> _To do_
The line containing "Viraarine wandlamp", plus every line that follows it to the end of the listing below, is what you transcribe exactly; omit all pictures.

> _Information_
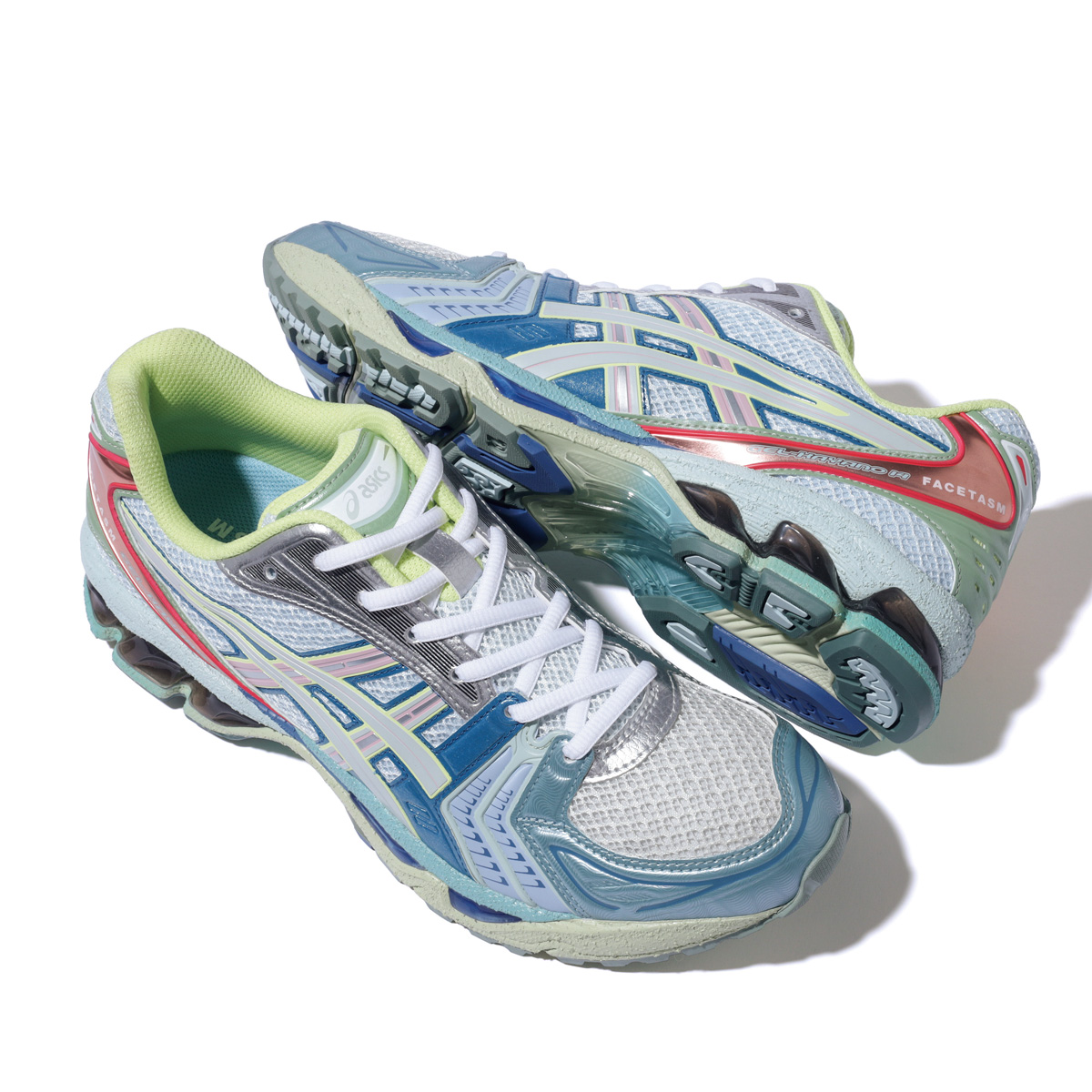 〈FACETASM〉×〈ASICS〉のコラボレーションスニーカー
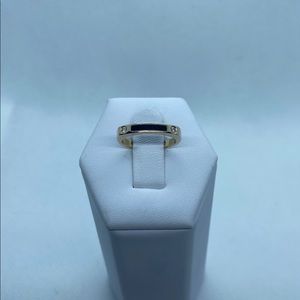 14k Diamond band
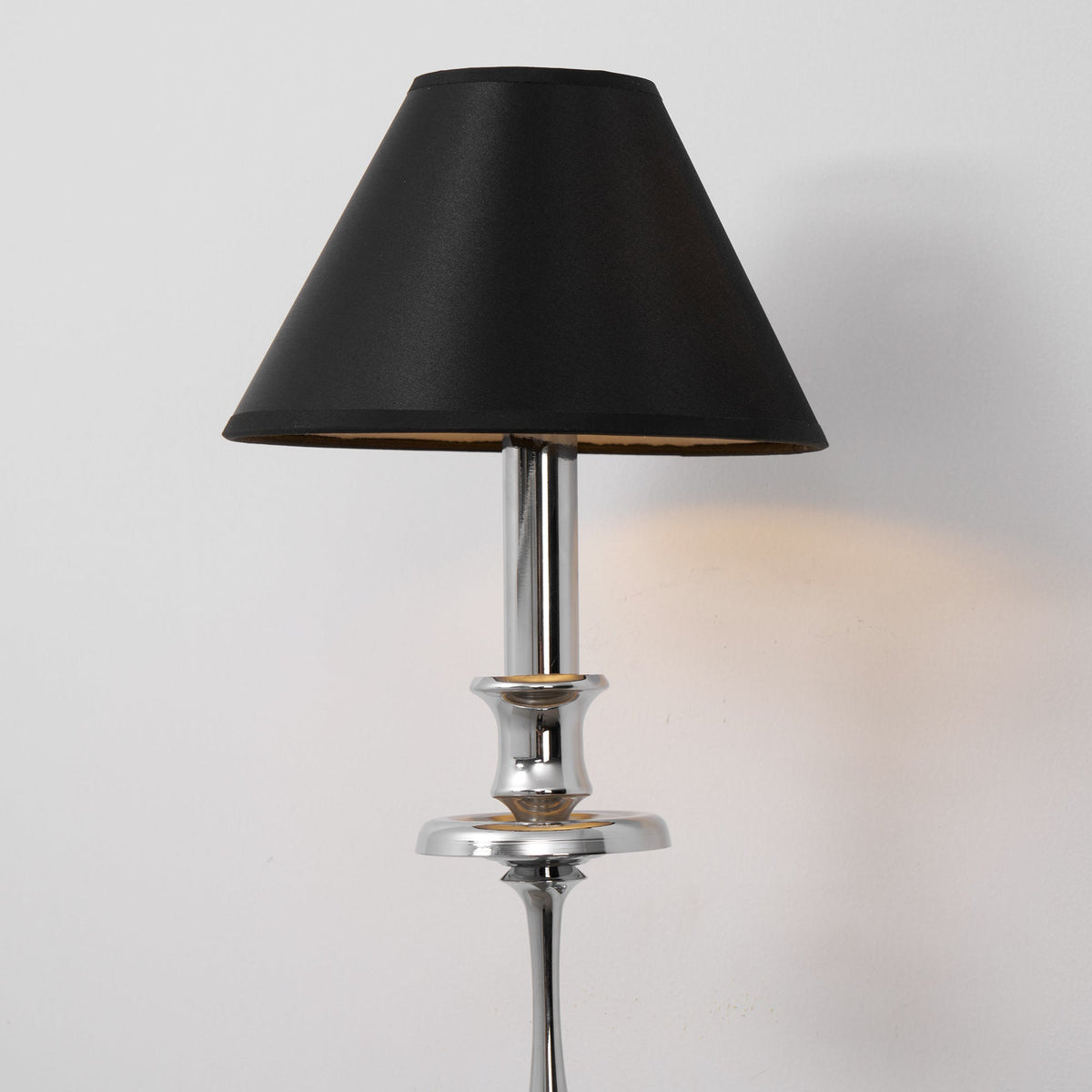 Viraarine wandlamp
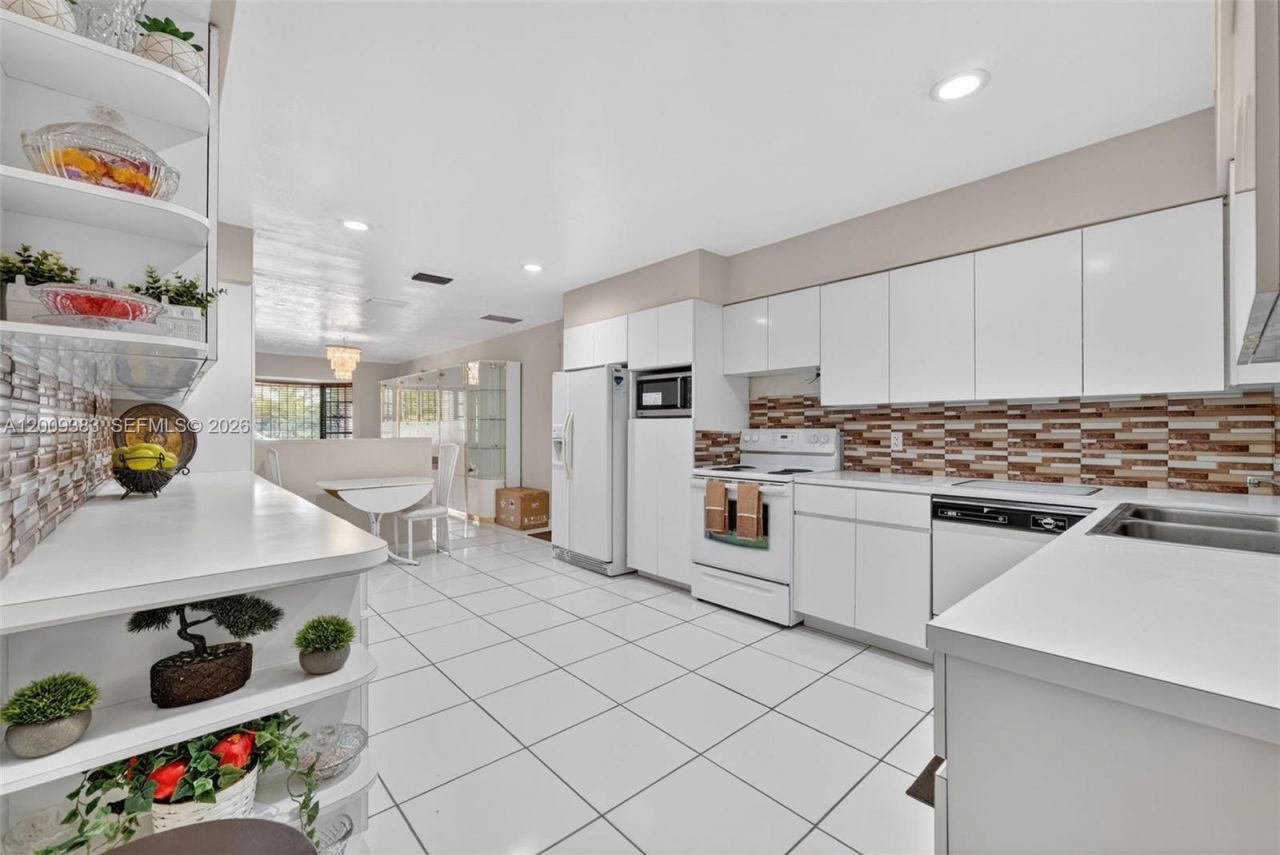 2450 NW 108th St, Miami, FL 33167 Photo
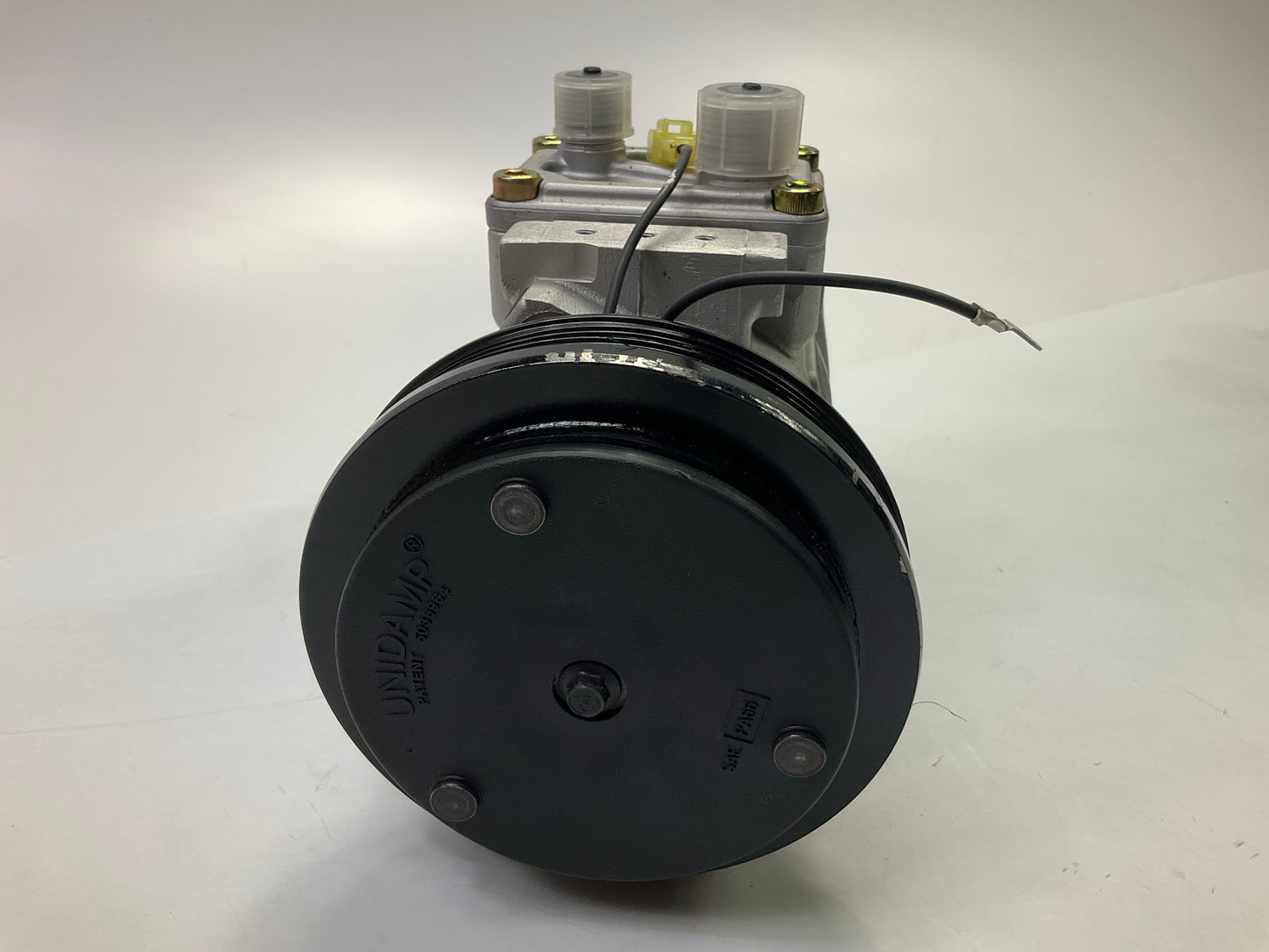 Unicla VA150  A/C Compressor R 134A Replaces Denso 10PA15C,  5 Groove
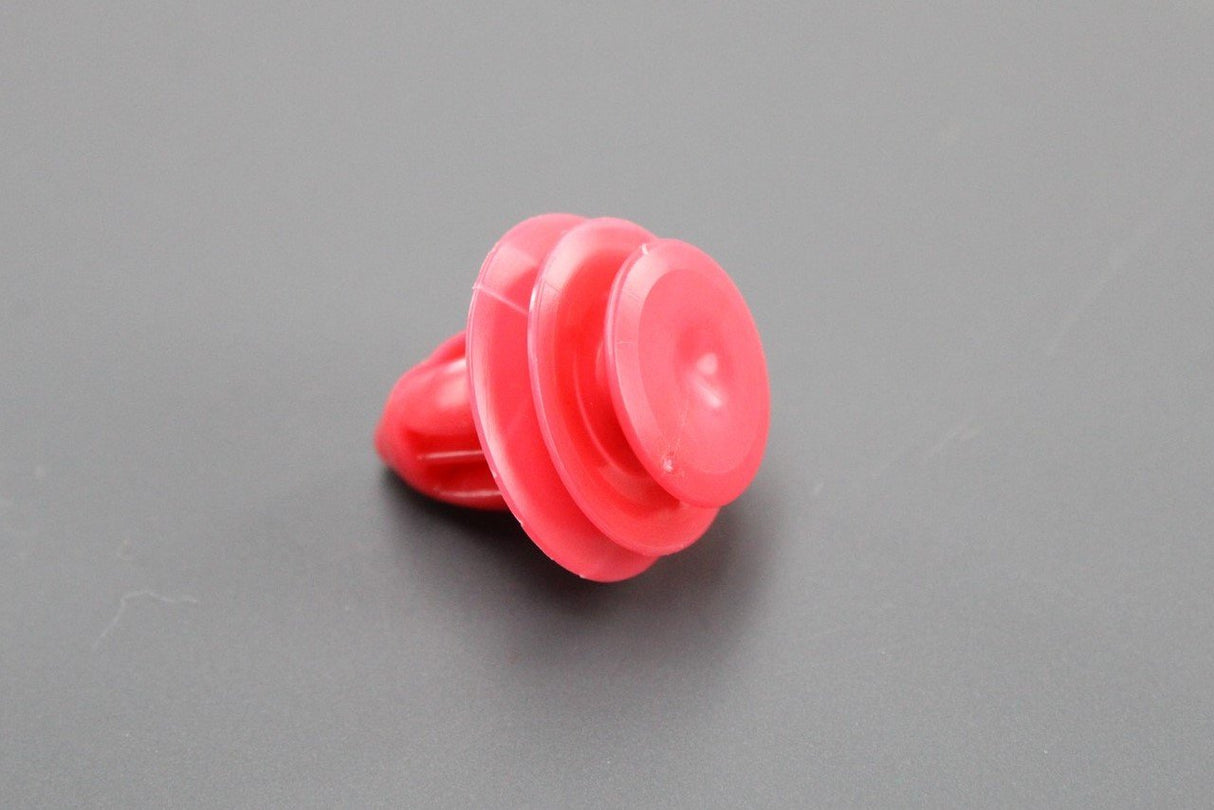 Honda red trim clip (x1) 91560-SAA-003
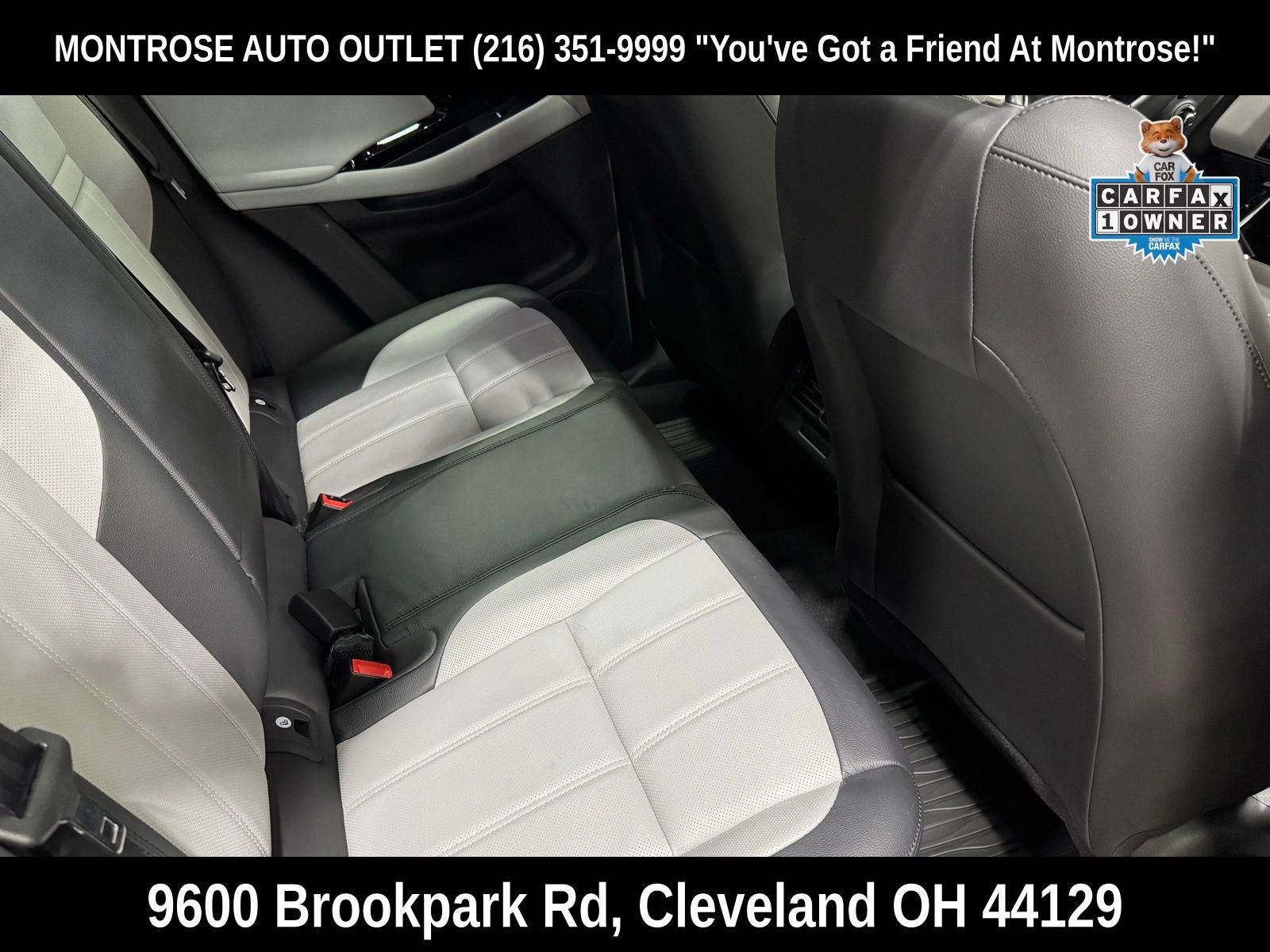 Used 2024 Land Rover Range Rover Evoque Dynamic SE image 44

> _Solution to this exercise_
 Viraarine wandlamp
 2450 NW 108th St, Miami, FL 33167 Photo
 Unicla VA150  A/C Compressor R 134A Replaces Denso 10PA15C,  5 Groove
 Honda red trim clip (x1) 91560-SAA-003
 Used 2024 Land Rover Range Rover Evoque Dynamic SE image 44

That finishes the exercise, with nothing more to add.